_Exercise brief:_ Up to and including the line that holds "Made of oil", copy every line of the records below exactly, starting at the first; leave pictures out.

Top of Supplied data

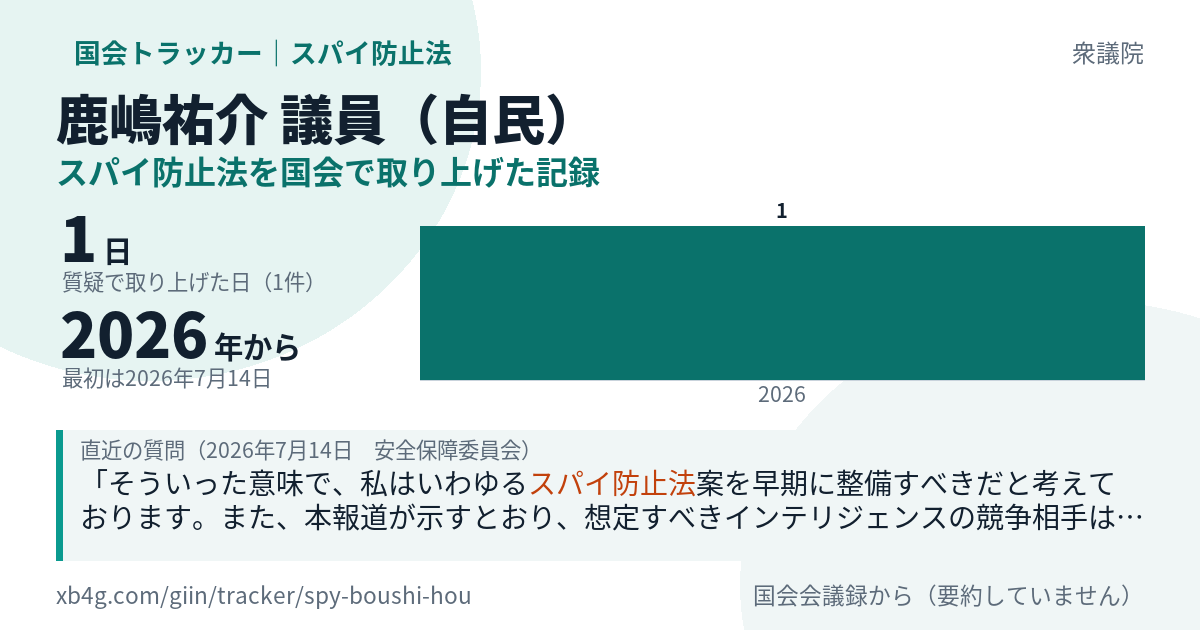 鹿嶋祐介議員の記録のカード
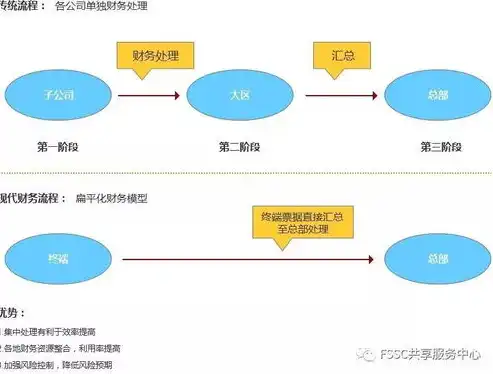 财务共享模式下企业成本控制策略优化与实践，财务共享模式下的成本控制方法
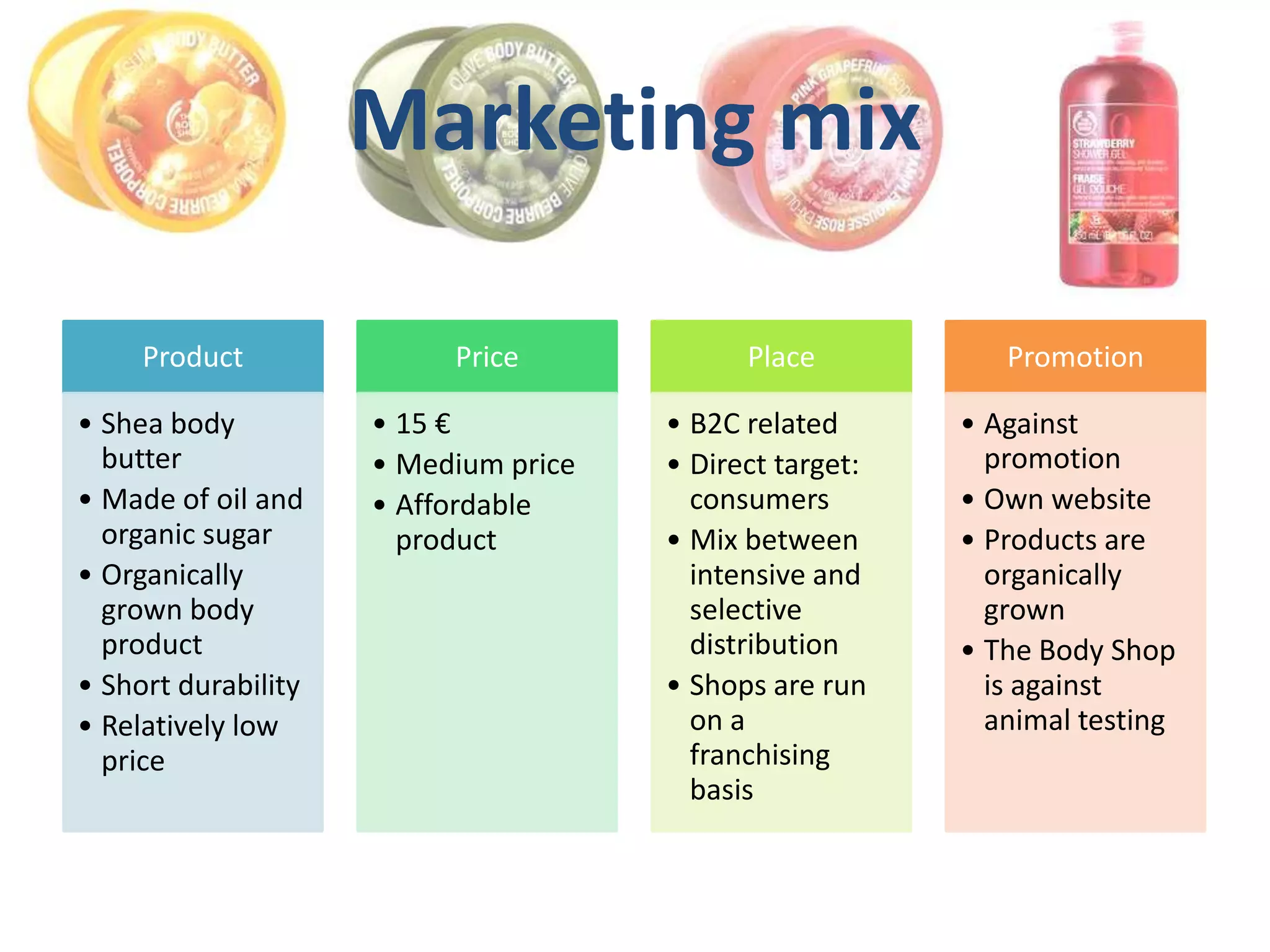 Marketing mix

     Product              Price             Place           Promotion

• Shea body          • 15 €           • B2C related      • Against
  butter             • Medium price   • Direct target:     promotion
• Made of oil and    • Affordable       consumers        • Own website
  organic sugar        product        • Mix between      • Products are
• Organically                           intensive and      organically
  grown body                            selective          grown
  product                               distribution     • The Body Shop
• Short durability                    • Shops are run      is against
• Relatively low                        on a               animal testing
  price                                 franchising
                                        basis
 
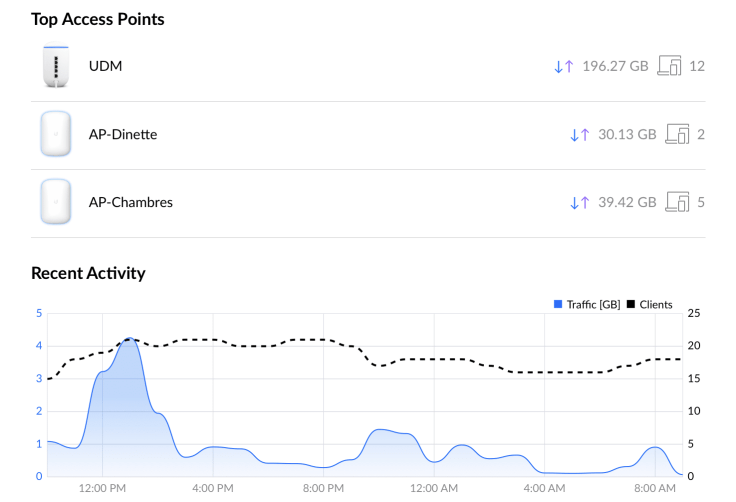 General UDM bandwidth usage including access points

Bottom of Supplied data

_Exercise output:_
 鹿嶋祐介議員の記録のカード
 财务共享模式下企业成本控制策略优化与实践，财务共享模式下的成本控制方法
 Marketing mix

     Product              Price             Place           Promotion

• Shea body          • 15 €           • B2C related      • Against
  butter             • Medium price   • Direct target:     promotion
• Made of oil and    • Affordable       consumers        • Own website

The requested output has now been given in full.